#### [DESCRIPTION OF THE TASK]
Your reply should restate the lines from the top of the entries through the line containing "Beautifully renovated kitchen" word for word, with no pictures.
-- Opening Marker --
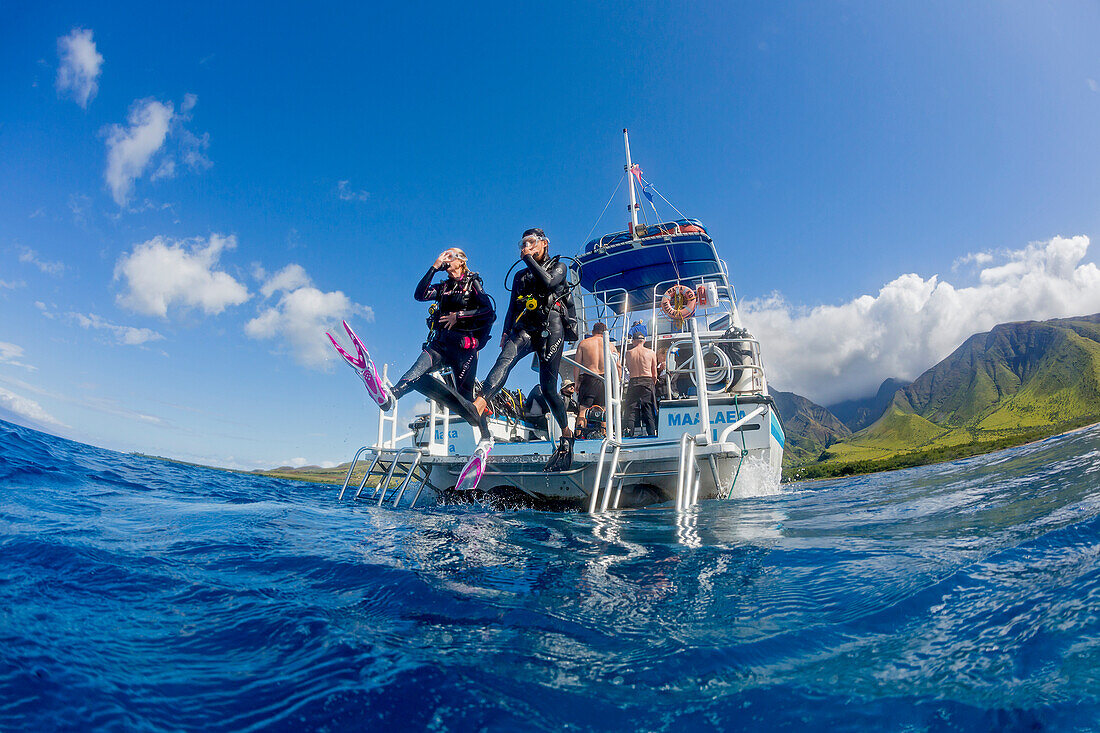 'Divers step off a dive boat into the Pacific Ocean out from Ukumehame; Maui, Hawaii, United States of America'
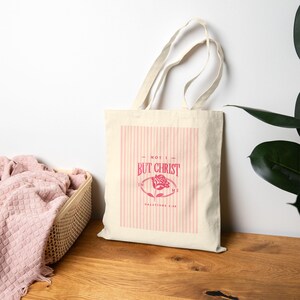 May include: A cream-colored canvas tote bag featuring a vertical pink striped rectangular design. Centered is a dark pink graphic of a rose with the text "NOT I BUT CHRIST IN ME" and "GALATIANS 2:20" printed in a decorative serif font.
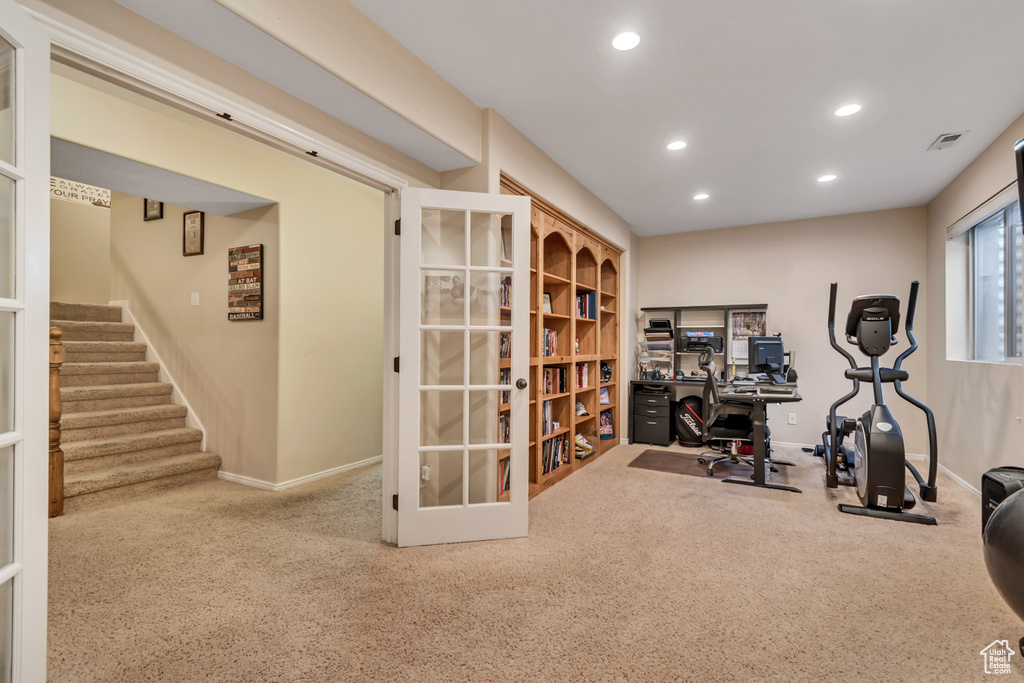 Exercise room featuring carpet floors, recessed lighting, baseboards, and french doors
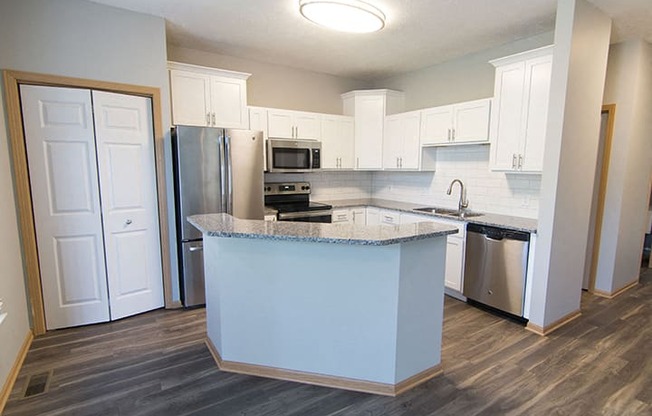 Beautifully renovated kitchen with subway tile and hardwood-like flooring at Cascade Pines Town-homes Lincoln Nebraska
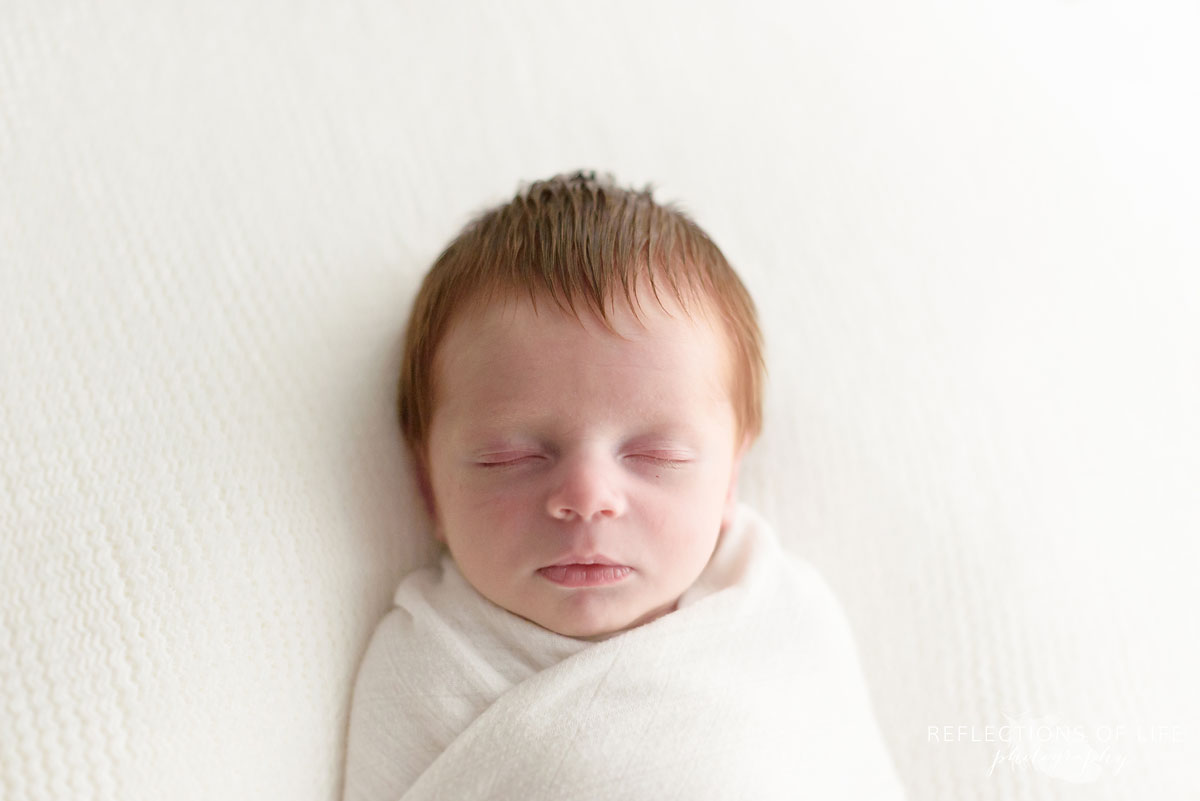 012 redhead newborn baby boy swaddled in white in Toronto photo studio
-- Closing Marker --
#### [EXPECTED ANSWER]
 'Divers step off a dive boat into the Pacific Ocean out from Ukumehame; Maui, Hawaii, United States of America'
 May include: A cream-colored canvas tote bag featuring a vertical pink striped rectangular design. Centered is a dark pink graphic of a rose with the text "NOT I BUT CHRIST IN ME" and "GALATIANS 2:20" printed in a decorative serif font.
 Exercise room featuring carpet floors, recessed lighting, baseboards, and french doors
 Beautifully renovated kitchen with subway tile and hardwood-like flooring at Cascade Pines Town-homes Lincoln Nebraska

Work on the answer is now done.